Burberry’s new creative chief checks in
Riccardo Tisci, Burberry’s first new creative director for 17 years, referenced figures from Shakespeare to the Sex Pistols and even redesigned the label’s famous checks for his London Fashion Week debut yesterday.
‘You can be punk today, rap tomorrow, chic at the weekend. Burberry can speak to all those’
The first Burberry show under Riccardo Tisci, its new creative director, was always going to provoke a strong reaction. Ever since news of his appointment in March, Tisci has been tantalising fans with a drip feed of images. The reimagined logo, which he co-designed with Peter Saville, the legendary graphic designer who designed album covers for, inter alia, Joy Division and New Order, has been the biggest talking point.
A huge bear in the new monogram bestrides Marble Arch. The familiar horse and knight are out, replaced by a bold TB (Thomas Burberry) cleverly intertwined with a rescaled version of the Burberry check.
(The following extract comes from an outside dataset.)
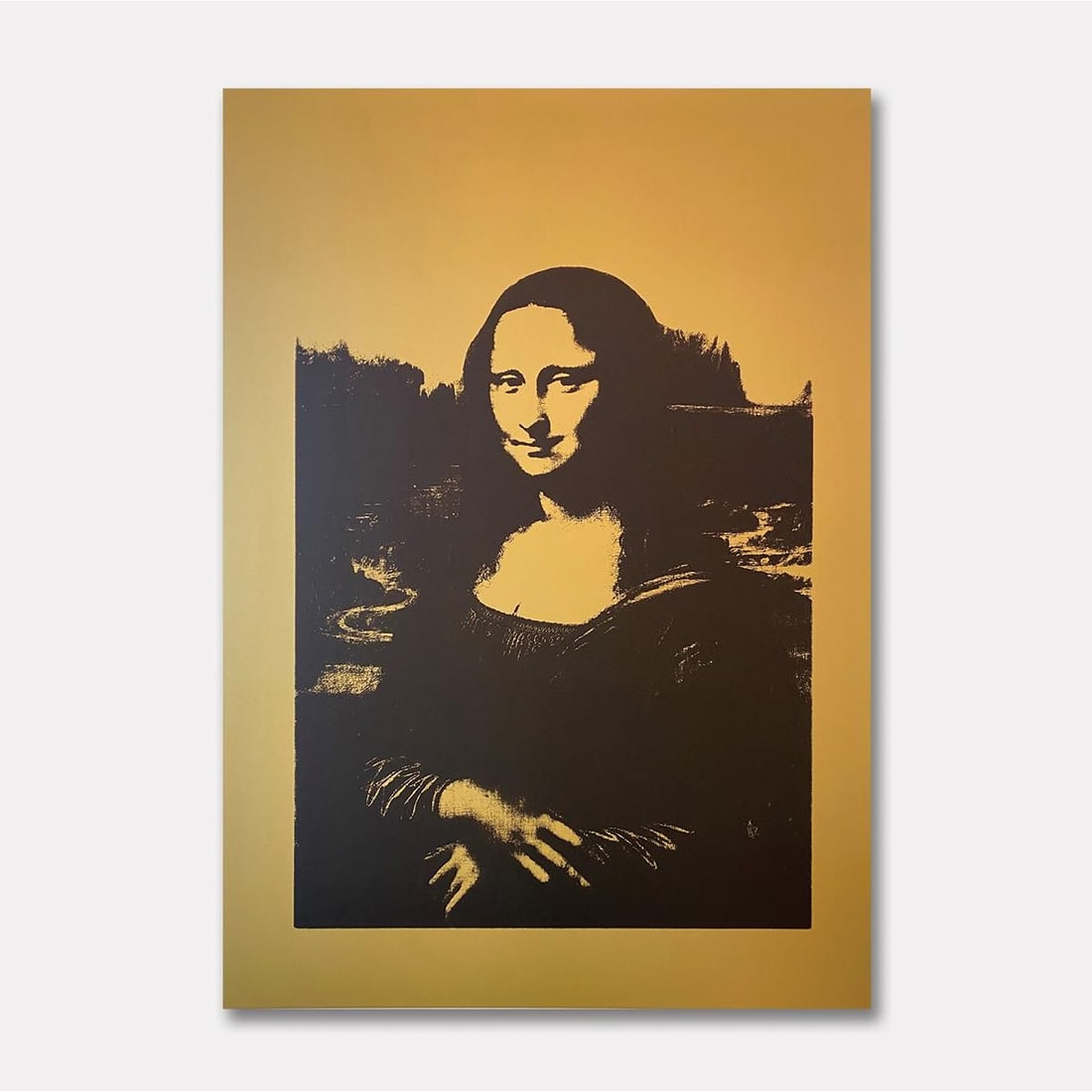 Andy Warhol- SIlkscreen on Museum Board "Mona Lisa #4": Artist: Andy Warhol. Medium: SIlkscreen on Museum Board. Title: Mona Lisa #4. Size: 35" x 25". Certificate of Authenticity: Is included. Additional: Published by Sunday B Morning. Limited edition of 2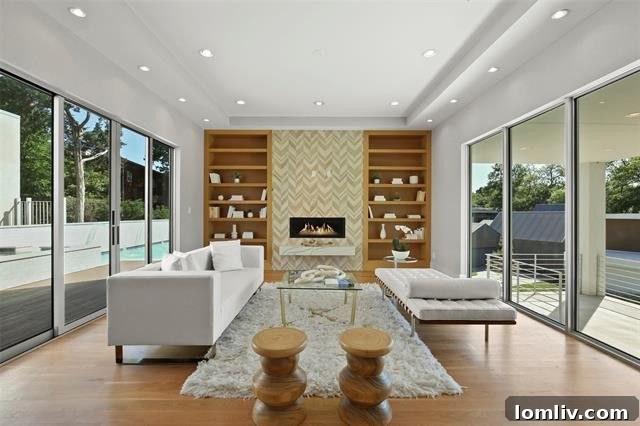 Spacious Living Area Overlooking the Pool and Lush Backyard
Next came the announcement that he will collaborate later in the autumn on a capsule Burberry range with Vivienne Westwood. Then there’s the recent picture on Tisci’s Instagram of a Jackie Kennedy bouffanted lookalike in the most classic of beige Burberry macs: quintessence of bourgeoisie.
Coupled with Tisci’s talent for manipulating popular culture and its icons – he’s best friends with Katy Perry, Beyoncé and the Kardashians – it’s hardly surprising that there have been concerns about what he would do with a 170-year-old jewel, Britain’s oldest, most famous, most successful luxury fashion house, which generates around £2.3billion a year.
Which of these strands would he focus on? In the event, all of them. There were below-the-knee pleated librarian skirts, pussy bow blouses in trad Burberry checks, Dalmatian spot chiffon skirts and shirts and a plethora of delectable, waist-accentuating beige trenches – sliced not from the S&M leathers that some had predicted (at Givenchy, his previous home, Tisci forged a reputation for leathers with shades of S&M) but from unimpeachable gaberdines. There were leathers: toffee and camel coloured skirts, but also chic light wool, three-piece women’s trouser suits. He has vowed to bring Savile Row-worthy tailoring to Burberry, along with punk elements: “Who Killed Bambi” T-shirts (a Sex Pistols reference) mingled in this show with lean black goth-inspired evening gowns.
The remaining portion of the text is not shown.